So, was Obama responsible for the massacre?
Of course not. As I wrote at the time:
Rhetoric is responsible for violence when it calls for violence. Radical Islam calls for jihad. Protesters chanting “pigs in a blanket, fry ‘em like bacon” calls for violence against cops. Barack Obama didn’t call for violence against cops … of course Obama isn’t responsible for the Dallas shootings. But he’s surely responsible for cultivating a racially polarized culture, ignoring the real causes of anti-cop violence, and leaving cops out in the cold to fend for themselves.
Was Bernie Sanders responsible for the Congressional softball game attempted massacre?
No, he wasn’t either. Here’s what I wrote:
Rhetoric is not directly responsible for violence unless it advocates violence. Radical jihadism advocates violence; the bulk of its supporters know this and support violence; a solid contingent of its followers participate in violence. The same is not true for American-brand political leftism, as vile as it is. For the right to equate verbiage with violence — no matter how inflammatory the verbiage — is to fall prey to the same snowflake syndrome the right condemns on college campuses.

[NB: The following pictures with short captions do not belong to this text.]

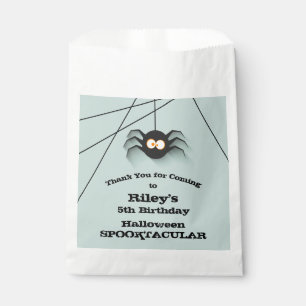 Spider Halloween Birthday Party  Favour Bag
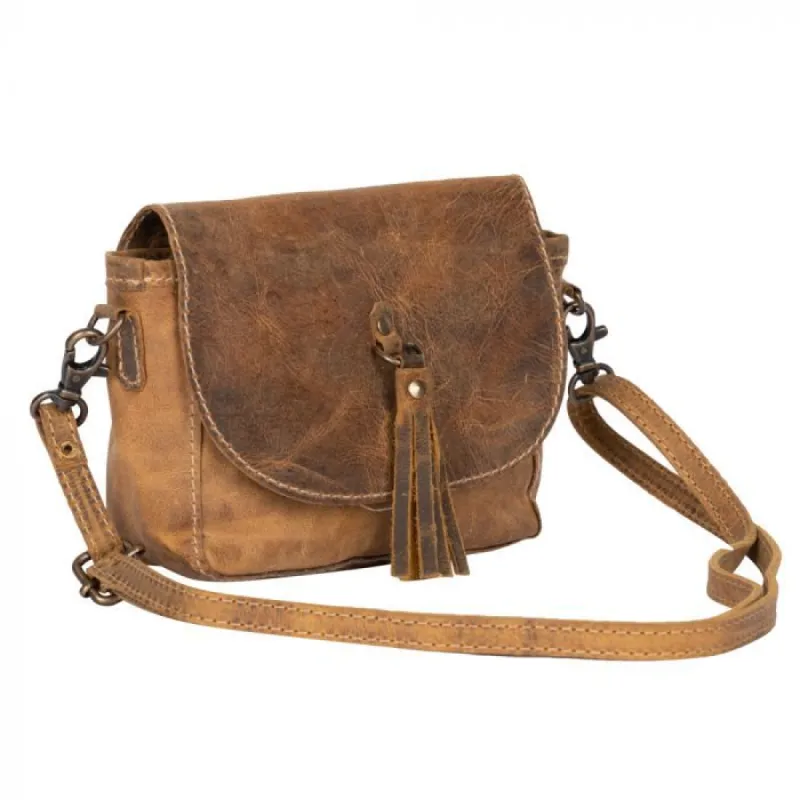 MYRA WHISPERING WOODS LEATHER BAG sold by Bridle Path Tack Shop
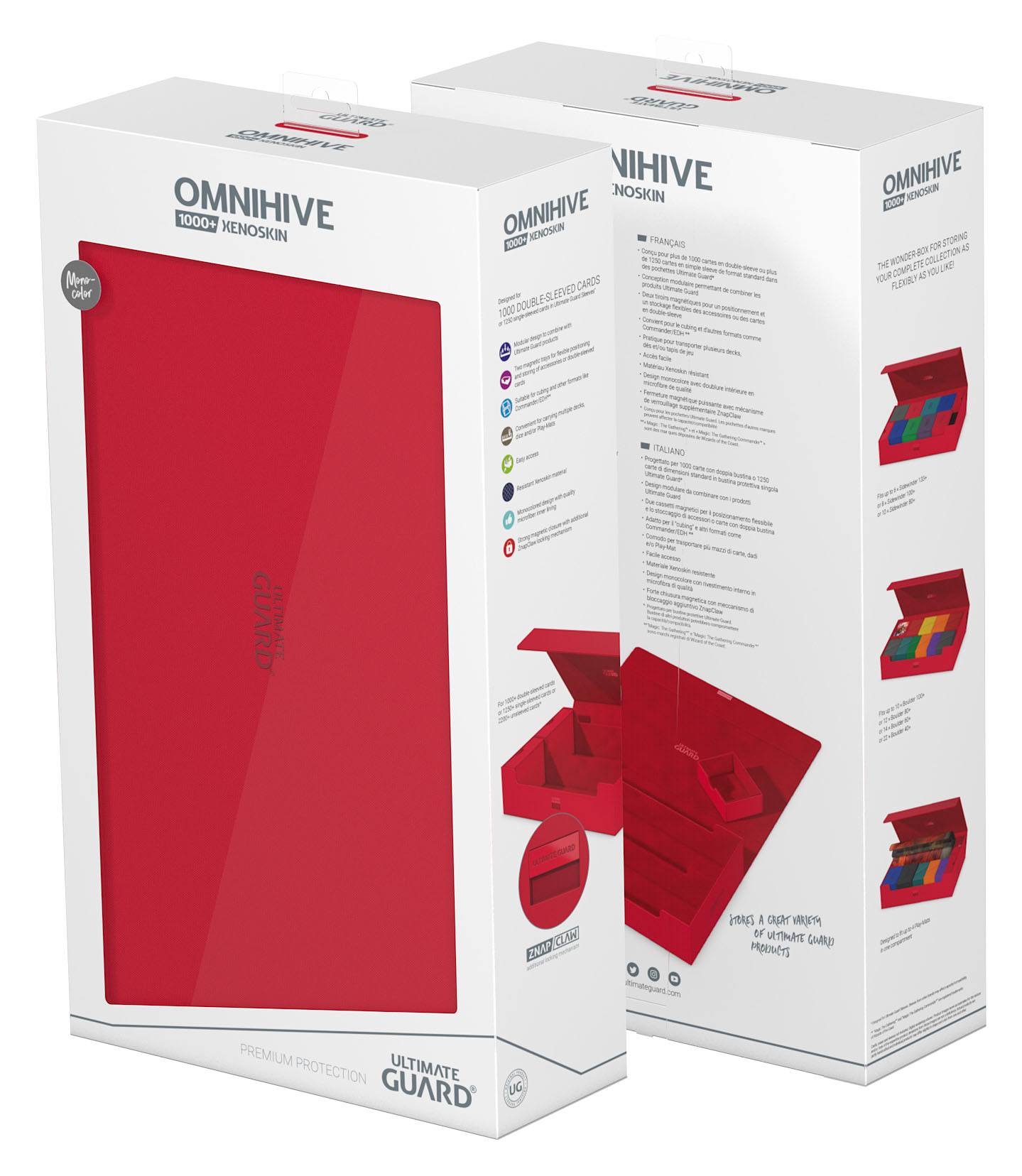 Ultimate Guard - Omnihive 1000+ XenoSkin Deck Box - Red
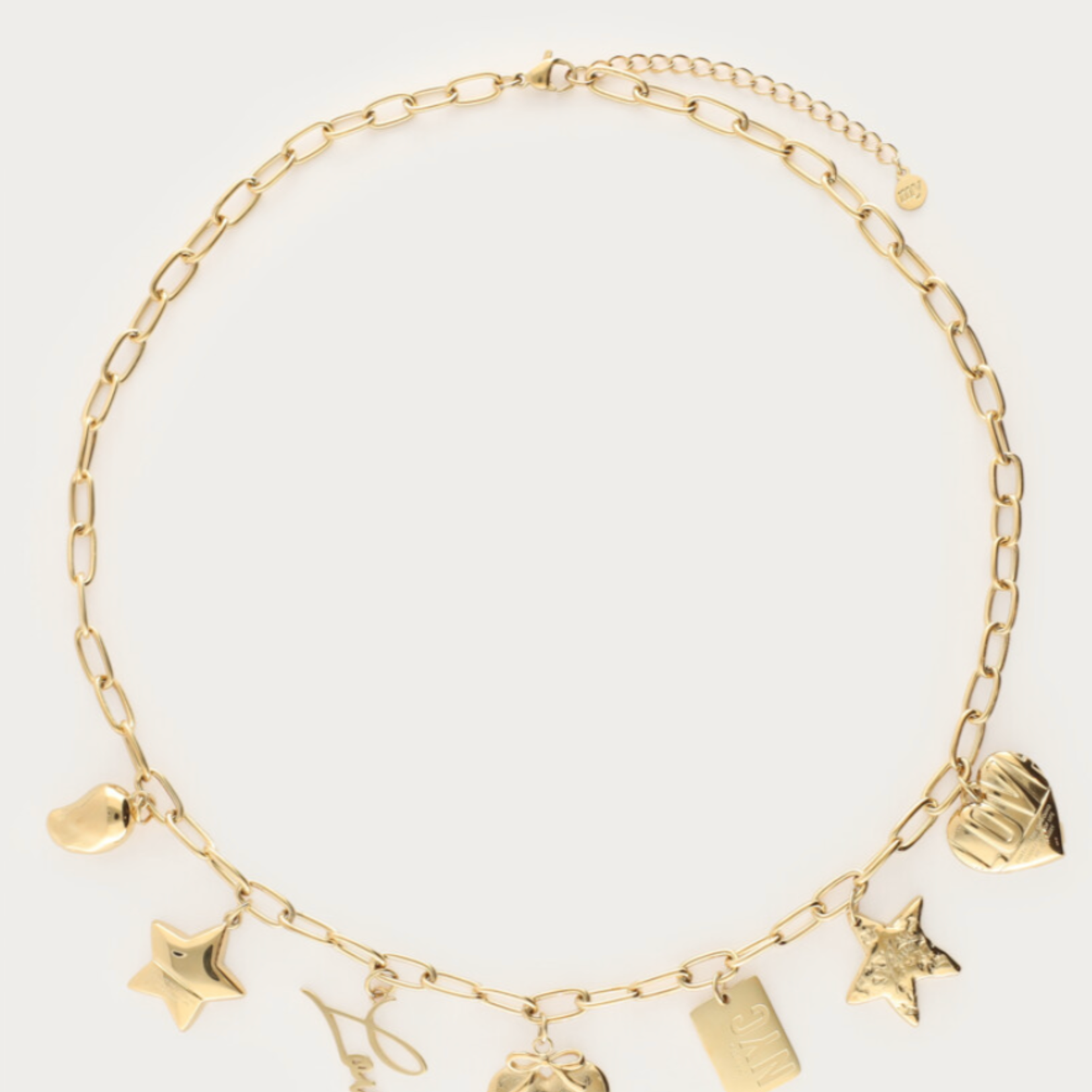 MY JEWELLERY MY JEWELLERY - Bold schakelketting met multi bedels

Obama wasn’t responsible for Dallas; Sanders wasn’t responsible for the Congressional softball shotting; Trump isn’t responsible for Charlottesville. But they are all responsible for their rhetoric, and their unwillingness to condemn polarizing movements in clear and convincing language. President Obama spent years making excuses for the Black Lives Matter movement, even explaining away riots in cities like Ferguson and Baltimore as the aftereffects of institutional racism. The effect: the increasing racial polarization of the country. Bernie Sanders has used heated rhetoric to castigate all those who disagree with his economic policies as looters. The effect: the increasing economic polarization of the country. President Trump spent his campaign willfully ignoring the alt-right, which grew like a mushroom cluster in his shadow. The effect: the increasing reactionary racial polarization of the country.
Blame lies with individuals, not rhetoric, unless the rhetoric deliberately calls for violence. But failure to vigorously condemn nasty movements — that responsibility lies with those who participate in that particular sin. The growth of those movements thanks to failures of leadership — that responsibility lies with abdicating leaders. And that group certainly includes Obama, Sanders, and Trump.